Clinton Native Captain Royce Williams Recognized at California USS Midway Museum

Clinton Native Captain Royce Williams Recognized at California USS Midway Museum

Used with permission from The Northern Star Weekly Newspaper, 
Clinton, MN

Captain E. Royce Williams, USN, Retired, a native of Clinton, MN, was recently honored for his heroic actions during the Korean War.  A replica of the F9F Panther sits in a display at the USS Midway Museum and they dedicated the cockpit to: “CAPT Royce Williams, Korean War and 4 MiG kills” painted at the side.  Royce gave a private presentation to the Docents on the USS Midway and followed with a question and answer session.  They presented him with a certificate and a model airplane. Docent Council Vice Chair Sam Armsdoff, stated, “Trust me when I say that all of us on the USS Midway Museum are deeply appreciative of Royce’s distinguished Naval Service and were ecstatic to help publicize that to our guests!  Recognizing Royce’s accomplishments and organizing the tribute to him was a collaborative effort.” The docents are museum guides and volunteers.  

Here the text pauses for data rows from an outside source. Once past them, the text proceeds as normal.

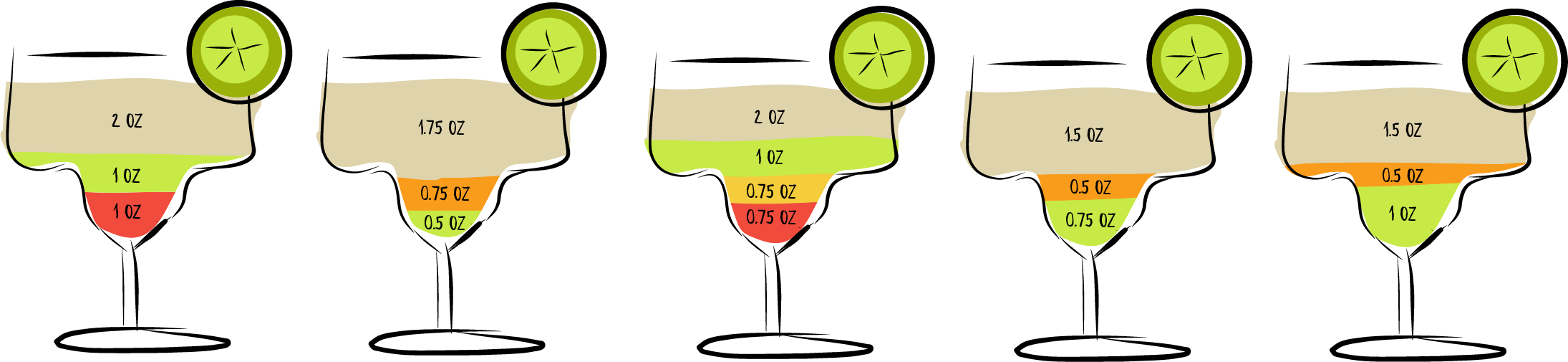 Marg Variations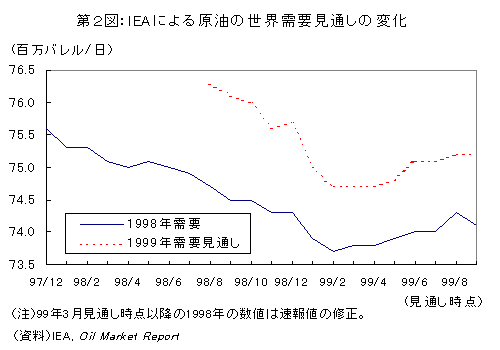 原油 価格 見通し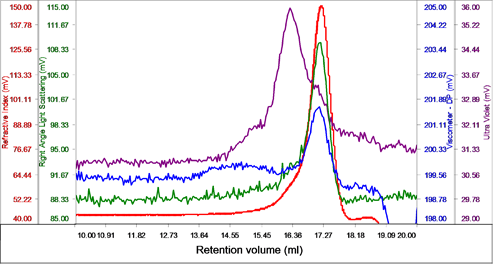 MRK1499 Fig 2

The USS Midway docent council vice chair, Sam Arnsdorff made the initial suggestion to have CAPT E. Royce Williams speak at the docents monthly training forum.  Docent John Frugoni became the conduit to reach out to CJ Machado, the Producer of the short film, “Forgotten Hero” and subsequently Royce.  Docent Bob Breglio, the training coordinator, was pivotal in setting up the training schedule to accommodate Royce and promoting it within the ship. The certificate was brought to the President and CEO of the USS Midway Museum Rear Admiral Mac McLaughlin, to get it blessed and signed.  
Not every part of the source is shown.